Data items

▶

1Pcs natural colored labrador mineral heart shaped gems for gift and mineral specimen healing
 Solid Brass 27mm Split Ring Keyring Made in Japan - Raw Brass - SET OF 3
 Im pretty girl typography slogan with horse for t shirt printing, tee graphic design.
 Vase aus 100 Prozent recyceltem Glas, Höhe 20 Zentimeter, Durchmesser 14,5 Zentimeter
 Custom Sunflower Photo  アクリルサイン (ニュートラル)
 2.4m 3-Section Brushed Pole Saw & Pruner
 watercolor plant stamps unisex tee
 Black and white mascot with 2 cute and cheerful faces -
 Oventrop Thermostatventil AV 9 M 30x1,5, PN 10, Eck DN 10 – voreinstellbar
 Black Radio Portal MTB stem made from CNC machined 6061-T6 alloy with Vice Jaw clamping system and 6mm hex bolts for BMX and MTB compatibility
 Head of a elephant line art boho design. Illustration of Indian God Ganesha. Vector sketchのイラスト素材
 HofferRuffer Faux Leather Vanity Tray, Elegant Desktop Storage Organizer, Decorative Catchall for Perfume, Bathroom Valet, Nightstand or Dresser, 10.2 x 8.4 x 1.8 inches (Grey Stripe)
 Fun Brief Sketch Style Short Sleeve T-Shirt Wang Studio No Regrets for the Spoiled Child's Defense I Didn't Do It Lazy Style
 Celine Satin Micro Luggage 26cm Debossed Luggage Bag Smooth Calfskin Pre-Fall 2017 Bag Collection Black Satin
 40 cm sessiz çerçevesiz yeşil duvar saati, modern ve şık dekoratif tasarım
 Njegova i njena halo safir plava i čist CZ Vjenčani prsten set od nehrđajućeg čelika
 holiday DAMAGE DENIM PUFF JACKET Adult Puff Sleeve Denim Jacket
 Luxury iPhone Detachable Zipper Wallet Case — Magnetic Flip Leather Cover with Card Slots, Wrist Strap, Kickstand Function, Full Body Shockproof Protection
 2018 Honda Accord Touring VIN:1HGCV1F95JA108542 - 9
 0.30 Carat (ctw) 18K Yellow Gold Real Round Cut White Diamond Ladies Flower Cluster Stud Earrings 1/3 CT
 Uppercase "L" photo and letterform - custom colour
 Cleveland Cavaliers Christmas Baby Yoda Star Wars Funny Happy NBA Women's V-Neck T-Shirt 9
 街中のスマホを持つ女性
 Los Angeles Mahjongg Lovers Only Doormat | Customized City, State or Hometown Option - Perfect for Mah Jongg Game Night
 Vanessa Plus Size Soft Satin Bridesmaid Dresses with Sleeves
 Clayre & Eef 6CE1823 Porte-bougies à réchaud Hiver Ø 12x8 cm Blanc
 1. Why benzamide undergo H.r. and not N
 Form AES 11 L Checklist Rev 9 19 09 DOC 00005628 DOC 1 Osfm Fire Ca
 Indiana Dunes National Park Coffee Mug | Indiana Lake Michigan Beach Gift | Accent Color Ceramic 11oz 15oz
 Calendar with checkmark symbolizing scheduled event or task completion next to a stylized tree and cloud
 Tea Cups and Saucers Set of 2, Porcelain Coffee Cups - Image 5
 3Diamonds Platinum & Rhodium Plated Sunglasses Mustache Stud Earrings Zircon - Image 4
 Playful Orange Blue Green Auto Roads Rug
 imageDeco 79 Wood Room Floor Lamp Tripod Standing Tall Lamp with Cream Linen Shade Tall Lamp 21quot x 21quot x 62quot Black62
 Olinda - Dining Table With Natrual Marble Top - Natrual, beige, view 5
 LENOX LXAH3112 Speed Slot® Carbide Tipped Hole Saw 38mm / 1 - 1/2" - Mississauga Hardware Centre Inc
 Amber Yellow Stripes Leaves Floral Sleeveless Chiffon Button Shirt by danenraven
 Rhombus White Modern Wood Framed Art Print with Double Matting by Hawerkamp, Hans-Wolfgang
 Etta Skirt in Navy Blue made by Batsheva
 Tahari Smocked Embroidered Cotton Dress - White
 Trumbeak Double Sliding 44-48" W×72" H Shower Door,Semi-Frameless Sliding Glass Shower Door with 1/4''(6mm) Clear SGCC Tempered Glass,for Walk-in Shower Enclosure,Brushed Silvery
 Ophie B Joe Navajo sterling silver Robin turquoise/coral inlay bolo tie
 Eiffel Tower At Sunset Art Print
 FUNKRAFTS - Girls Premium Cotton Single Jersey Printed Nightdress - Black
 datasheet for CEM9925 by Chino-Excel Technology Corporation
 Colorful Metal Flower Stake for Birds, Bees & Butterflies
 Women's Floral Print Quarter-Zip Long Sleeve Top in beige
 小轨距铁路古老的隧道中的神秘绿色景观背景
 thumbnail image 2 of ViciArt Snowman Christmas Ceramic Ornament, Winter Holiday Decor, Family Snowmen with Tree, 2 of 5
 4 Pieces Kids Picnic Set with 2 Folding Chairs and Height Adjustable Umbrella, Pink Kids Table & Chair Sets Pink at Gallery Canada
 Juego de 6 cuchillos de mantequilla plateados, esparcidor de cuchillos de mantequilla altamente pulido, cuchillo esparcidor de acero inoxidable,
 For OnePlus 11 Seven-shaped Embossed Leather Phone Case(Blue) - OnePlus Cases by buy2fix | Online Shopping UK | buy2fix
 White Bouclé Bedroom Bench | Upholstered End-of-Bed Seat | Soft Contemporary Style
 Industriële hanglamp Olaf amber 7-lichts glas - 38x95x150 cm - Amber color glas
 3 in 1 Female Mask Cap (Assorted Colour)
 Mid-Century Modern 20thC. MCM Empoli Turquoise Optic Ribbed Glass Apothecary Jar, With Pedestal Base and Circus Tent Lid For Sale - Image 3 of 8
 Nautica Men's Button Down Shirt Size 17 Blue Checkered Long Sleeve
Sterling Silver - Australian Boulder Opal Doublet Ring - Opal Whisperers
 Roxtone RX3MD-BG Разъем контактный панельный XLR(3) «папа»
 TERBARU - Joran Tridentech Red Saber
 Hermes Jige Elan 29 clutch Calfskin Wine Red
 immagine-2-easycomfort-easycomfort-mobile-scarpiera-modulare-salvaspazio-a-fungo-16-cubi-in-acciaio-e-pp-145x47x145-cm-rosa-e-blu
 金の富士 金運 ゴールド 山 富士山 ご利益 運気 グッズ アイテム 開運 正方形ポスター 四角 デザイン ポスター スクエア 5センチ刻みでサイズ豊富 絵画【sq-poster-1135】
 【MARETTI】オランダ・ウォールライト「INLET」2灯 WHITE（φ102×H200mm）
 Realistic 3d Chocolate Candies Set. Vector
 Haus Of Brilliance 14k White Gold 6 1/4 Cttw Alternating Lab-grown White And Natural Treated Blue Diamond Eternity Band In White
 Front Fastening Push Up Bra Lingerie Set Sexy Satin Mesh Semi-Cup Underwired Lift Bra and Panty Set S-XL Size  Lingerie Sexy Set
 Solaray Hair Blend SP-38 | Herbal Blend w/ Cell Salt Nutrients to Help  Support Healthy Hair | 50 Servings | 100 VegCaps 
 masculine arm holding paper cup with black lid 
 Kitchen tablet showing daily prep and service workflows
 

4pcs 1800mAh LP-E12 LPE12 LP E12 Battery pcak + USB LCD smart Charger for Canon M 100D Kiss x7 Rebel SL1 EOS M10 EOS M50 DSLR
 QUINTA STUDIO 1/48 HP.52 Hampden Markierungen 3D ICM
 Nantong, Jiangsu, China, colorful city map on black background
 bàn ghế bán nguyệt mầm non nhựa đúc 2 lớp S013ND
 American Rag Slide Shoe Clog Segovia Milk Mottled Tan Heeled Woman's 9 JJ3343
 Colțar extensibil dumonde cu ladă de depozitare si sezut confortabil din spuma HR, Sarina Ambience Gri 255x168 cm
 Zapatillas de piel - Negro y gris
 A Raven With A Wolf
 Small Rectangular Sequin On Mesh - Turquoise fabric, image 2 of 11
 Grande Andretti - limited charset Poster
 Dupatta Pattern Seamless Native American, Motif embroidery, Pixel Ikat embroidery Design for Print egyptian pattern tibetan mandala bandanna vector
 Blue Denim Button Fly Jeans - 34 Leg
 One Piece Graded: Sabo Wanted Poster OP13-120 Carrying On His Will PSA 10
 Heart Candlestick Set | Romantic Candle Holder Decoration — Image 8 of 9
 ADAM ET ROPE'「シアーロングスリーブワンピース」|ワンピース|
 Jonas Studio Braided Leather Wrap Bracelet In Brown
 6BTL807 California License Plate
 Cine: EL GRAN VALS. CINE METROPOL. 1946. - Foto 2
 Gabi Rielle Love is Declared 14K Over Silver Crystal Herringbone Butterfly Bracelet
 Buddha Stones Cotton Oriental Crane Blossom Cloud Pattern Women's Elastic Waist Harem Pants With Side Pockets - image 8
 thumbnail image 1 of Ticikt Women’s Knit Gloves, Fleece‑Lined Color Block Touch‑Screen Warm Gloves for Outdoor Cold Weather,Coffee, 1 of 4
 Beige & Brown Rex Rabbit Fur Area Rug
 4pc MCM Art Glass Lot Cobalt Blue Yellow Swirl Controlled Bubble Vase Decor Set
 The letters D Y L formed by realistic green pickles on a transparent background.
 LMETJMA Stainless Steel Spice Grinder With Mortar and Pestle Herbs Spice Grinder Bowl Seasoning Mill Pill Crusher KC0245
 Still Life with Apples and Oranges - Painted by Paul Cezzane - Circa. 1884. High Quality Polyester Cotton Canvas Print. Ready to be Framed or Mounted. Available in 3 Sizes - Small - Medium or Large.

◀

**WHAT IS BEING ASKED:**
Give back exactly the lines above, from the line containing "4pc MCM Art" through the line containing "LMETJMA Stainless Steel", with both end lines and nothing more.

**WRITTEN RESPONSE:**
 4pc MCM Art Glass Lot Cobalt Blue Yellow Swirl Controlled Bubble Vase Decor Set
 The letters D Y L formed by realistic green pickles on a transparent background.
 LMETJMA Stainless Steel Spice Grinder With Mortar and Pestle Herbs Spice Grinder Bowl Seasoning Mill Pill Crusher KC0245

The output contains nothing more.